BUSINESS

Preview Center touts new arena and Ilitch's epic plan

Candice Williams
The Detroit News

The "Preview Center" at Comerica Park has the air of an upscale corporate hotel: dark wood floors, mid-century modern leather furniture, creamy white curtains and flat-screen TVs on the walls.

It is a replica of the 52 corporate suites available to Metro Detroit's rich and famous for $275,000 a year, when the new Red Wings arena opens for hockey season in 2017.

Investors and businesses can see plans for the new Red Wings Arena at a state-of-the-art preview center in Comerica Park.

The center also displays the sleekest vision yet of the decades-long goal by the billionaire Ilitch family to build not only a groundbreaking new home for the Detroit Red Wings, but to have that venue spark 45 blocks of development.

"Isn't it just amazing in here?" asked Tom Wilson, president of Olympia Entertainment, as he stood in the 600-square-foot model. Olympia is part of the Ilitch family collection of businesses, which include Little Caesars Pizza, the Detroit Tigers and Red Wings, the Fox Theatre and plenty of property around its new hockey venue. The venue borders Woodward just north of downtown.

Details of the other developments — a hotel, apartments, new retail space and offices — haven't been announced, other than the location of some of the plans.

In the Preview Center, huge three-dimensional models of the 45 blocks and the new arena are on display.

The center opened two weeks ago to a select group of corporate clients, season ticket holders and potential investors in the area, dubbed by Olympia officials as The District Detroit. Since then, 28 of the 52 corporate suites at the new venue have been leased. The current 66 suites at Joe Louis Arena lease for $130,000 to $150,000 a year.

The new suites are larger than those at Joe Louis Arena, can hold 30 to 40 people, have fireplaces and are available essentially 24/7 to the lease holders.

Luxury suites are often the reason professional sports venues are built, says Emily Sparvero, a professor at the University of Texas at Austin who studies the economic impact of professional sports venues. Sparvero said most new venues are built not because the old facilities are physically obsolete, but because they are financially obsolete.

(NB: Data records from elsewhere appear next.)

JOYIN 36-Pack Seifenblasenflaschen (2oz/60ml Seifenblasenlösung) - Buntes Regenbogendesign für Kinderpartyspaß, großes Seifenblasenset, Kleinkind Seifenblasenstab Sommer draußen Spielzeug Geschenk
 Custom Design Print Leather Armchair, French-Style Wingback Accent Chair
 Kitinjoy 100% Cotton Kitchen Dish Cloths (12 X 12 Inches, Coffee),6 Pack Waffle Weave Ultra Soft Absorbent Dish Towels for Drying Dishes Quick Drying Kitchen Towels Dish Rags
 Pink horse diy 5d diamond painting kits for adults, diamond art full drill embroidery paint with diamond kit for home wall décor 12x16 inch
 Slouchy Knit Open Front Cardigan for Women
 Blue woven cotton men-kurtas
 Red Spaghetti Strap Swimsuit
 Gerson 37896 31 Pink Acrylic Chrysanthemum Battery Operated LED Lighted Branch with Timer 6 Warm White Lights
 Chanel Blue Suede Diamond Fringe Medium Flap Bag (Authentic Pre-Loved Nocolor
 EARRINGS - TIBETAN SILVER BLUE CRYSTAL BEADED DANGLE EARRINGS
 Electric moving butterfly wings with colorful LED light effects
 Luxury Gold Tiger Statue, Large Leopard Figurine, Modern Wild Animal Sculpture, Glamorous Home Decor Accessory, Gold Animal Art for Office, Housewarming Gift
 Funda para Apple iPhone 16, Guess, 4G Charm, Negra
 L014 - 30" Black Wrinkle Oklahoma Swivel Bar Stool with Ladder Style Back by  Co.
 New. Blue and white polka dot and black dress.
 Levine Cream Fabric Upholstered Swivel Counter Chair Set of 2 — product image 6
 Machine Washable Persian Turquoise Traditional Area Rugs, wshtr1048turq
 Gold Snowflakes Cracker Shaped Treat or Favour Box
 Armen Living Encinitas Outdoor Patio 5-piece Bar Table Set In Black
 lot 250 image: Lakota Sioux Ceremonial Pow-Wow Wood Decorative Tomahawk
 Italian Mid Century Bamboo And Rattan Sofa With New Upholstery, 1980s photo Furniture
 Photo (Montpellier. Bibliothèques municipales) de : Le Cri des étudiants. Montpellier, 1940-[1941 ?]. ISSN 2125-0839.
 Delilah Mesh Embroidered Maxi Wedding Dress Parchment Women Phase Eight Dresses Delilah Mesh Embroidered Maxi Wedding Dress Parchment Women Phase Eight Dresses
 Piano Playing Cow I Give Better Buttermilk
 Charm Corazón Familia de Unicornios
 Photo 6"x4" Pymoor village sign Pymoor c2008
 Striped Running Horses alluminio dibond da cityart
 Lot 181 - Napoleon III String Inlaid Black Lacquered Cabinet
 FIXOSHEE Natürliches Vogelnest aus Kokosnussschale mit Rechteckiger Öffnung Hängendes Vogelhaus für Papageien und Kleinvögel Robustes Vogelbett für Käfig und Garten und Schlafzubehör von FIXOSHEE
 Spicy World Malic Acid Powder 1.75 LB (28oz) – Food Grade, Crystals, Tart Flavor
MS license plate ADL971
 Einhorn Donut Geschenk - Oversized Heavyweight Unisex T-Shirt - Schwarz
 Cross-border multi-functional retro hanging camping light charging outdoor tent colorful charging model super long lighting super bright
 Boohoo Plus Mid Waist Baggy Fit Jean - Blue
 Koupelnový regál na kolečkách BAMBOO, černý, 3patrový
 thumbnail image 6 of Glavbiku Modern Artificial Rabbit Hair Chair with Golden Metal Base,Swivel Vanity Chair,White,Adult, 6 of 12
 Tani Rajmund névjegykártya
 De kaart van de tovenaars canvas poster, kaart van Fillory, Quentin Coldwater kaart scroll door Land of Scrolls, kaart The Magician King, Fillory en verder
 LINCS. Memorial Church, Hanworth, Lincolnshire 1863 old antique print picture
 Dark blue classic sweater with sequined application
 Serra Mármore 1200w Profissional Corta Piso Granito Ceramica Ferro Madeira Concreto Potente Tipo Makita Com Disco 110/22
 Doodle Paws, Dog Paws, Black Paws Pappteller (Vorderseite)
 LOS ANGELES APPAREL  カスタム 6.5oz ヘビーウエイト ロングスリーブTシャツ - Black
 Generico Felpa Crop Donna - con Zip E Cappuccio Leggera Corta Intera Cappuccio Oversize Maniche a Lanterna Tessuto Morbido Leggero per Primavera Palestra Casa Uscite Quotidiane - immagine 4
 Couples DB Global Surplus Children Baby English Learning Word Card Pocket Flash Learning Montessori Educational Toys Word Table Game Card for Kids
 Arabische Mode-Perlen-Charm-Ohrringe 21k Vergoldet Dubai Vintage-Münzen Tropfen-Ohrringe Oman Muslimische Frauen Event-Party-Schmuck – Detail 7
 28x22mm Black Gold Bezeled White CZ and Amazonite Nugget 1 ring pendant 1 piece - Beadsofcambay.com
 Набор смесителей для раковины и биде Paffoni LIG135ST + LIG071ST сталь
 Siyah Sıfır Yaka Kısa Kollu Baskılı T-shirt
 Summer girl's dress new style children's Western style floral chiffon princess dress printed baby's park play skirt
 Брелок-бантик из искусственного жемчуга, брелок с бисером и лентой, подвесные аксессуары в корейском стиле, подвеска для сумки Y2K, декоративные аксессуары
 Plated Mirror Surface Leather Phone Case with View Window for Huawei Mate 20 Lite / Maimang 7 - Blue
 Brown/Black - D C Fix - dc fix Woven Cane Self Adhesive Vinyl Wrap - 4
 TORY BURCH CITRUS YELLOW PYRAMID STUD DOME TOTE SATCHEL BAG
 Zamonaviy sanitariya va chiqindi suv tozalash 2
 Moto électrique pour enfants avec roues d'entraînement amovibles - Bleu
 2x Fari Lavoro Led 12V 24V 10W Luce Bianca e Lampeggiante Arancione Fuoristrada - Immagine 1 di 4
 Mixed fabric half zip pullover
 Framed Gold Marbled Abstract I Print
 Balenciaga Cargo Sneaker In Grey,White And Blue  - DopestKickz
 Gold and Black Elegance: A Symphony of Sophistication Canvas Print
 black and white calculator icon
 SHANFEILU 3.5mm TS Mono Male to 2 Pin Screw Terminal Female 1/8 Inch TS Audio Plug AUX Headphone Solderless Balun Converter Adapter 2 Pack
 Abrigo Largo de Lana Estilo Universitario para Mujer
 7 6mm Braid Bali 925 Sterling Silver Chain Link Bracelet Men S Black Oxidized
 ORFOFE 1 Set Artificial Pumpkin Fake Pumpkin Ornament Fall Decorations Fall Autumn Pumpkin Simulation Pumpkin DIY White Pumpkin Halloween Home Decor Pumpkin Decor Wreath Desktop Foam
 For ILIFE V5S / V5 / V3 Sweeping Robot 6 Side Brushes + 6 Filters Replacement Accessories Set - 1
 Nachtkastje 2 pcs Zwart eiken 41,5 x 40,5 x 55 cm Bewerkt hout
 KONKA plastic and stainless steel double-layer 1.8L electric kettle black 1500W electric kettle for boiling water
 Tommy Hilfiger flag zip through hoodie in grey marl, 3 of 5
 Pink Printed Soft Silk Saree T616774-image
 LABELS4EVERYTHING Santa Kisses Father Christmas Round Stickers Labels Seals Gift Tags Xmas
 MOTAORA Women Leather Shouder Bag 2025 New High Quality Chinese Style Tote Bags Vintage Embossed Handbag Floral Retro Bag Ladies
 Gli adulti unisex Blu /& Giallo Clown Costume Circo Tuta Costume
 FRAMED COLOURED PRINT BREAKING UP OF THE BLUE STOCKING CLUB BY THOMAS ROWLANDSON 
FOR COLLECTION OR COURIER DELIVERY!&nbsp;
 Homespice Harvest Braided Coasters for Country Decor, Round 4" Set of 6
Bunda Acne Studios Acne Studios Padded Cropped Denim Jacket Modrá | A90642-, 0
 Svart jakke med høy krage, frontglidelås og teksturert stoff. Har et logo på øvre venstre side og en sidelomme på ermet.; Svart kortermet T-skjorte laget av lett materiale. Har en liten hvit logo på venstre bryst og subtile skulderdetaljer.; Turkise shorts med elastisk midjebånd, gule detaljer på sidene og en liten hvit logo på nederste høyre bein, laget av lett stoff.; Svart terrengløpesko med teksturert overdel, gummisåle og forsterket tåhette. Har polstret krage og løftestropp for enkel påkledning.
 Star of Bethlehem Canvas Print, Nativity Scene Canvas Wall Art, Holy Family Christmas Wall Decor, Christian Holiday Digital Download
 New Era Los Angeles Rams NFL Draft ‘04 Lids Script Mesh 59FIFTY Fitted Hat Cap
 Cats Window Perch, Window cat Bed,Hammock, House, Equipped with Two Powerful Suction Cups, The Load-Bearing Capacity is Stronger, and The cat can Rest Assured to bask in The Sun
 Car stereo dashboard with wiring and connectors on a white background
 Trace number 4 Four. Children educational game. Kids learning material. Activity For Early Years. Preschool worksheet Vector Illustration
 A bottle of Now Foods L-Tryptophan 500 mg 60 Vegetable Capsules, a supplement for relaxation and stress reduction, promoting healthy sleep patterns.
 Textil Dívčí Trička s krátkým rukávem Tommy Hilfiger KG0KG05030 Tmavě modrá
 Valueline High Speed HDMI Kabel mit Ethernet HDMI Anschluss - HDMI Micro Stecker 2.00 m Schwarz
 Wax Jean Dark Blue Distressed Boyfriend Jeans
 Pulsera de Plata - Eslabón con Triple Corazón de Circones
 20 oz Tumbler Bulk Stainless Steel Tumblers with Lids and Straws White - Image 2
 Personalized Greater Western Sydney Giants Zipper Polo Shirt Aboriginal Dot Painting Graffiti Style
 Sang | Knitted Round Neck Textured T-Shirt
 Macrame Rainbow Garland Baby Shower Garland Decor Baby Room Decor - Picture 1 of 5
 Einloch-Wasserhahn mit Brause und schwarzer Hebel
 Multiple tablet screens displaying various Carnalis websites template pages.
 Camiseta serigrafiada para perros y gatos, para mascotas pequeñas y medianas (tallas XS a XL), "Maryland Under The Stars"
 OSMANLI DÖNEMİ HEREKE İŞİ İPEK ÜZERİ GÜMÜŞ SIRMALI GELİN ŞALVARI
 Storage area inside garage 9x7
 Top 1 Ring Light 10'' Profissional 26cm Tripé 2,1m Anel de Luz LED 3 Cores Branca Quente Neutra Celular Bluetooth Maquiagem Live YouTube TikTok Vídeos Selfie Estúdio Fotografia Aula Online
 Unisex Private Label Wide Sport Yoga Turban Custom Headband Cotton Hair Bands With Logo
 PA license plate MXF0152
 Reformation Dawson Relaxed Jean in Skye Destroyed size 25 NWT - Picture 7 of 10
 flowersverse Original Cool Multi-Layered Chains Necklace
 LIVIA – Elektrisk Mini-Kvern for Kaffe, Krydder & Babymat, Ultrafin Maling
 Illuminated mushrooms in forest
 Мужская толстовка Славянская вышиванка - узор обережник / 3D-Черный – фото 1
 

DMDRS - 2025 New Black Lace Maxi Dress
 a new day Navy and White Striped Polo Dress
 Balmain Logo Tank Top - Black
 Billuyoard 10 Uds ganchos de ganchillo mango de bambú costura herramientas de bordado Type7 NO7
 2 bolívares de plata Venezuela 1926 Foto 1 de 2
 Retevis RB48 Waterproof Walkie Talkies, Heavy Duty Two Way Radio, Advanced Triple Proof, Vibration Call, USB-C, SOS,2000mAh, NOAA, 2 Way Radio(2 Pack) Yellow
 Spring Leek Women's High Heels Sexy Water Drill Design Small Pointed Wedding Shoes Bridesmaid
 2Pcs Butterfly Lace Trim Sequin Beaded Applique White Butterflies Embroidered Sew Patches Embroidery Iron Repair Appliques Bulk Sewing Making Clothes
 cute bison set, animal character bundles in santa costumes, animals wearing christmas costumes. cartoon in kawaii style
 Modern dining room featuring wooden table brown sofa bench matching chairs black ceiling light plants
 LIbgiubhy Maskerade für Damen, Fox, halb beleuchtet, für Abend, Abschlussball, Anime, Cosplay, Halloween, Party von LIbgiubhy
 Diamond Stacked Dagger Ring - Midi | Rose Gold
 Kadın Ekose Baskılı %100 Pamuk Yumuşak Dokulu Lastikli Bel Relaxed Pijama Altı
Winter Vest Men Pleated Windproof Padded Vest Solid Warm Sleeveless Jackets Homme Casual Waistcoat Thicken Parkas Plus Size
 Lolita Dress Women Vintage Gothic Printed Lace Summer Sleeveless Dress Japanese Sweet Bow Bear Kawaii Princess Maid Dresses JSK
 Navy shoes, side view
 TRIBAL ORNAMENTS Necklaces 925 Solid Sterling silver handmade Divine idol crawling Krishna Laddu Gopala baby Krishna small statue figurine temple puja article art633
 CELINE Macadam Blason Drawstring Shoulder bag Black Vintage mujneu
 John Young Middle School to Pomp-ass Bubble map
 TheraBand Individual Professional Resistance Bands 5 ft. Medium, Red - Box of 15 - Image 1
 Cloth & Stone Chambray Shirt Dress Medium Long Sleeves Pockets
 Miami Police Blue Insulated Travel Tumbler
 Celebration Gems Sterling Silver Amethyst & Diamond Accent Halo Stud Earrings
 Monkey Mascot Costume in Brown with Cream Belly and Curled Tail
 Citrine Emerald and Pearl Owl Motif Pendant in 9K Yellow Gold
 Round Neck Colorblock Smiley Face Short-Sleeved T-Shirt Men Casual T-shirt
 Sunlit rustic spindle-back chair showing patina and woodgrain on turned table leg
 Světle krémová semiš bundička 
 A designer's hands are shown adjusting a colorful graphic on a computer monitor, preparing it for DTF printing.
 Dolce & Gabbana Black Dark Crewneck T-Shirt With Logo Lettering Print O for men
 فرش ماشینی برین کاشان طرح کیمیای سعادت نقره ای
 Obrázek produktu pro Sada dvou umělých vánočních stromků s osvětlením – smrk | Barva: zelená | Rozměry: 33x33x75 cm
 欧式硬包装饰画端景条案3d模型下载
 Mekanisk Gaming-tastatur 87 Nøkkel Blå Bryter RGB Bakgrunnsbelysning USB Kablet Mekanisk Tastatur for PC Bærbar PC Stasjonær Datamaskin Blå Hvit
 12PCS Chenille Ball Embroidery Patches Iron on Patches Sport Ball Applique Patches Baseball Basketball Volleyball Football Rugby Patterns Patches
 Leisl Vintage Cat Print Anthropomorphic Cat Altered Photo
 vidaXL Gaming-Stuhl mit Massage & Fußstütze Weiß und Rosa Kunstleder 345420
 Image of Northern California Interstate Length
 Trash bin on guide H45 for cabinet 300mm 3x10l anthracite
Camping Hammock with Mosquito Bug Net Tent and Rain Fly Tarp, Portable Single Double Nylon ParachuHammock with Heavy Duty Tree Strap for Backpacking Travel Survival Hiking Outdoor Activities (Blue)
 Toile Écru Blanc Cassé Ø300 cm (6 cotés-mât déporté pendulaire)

"Corporate suites are a steady, predictable source of revenue for a sports team that can help them weather blips in the economy," Sparvero said.

In the past two decades, 75 percent of U.S. sports teams have built or remodeled their home venues.

In the Preview Center, there's a 42-square-foot model of the arena. On the wall, an LED screen displays a computer-animated presentation of the arena and all the nearby stores and offices slated to be built.

Near the lobby is a 109-square-foot model of what the entire 45 blocks of District Detroit could someday become: There is the new hotel near the Interstate 75 service drive, and on the Woodward section that crosses I-75, storefronts smoothly link the new arena with current central business district. Two buildings in front of Comerica Park will hold up to 300 new apartments.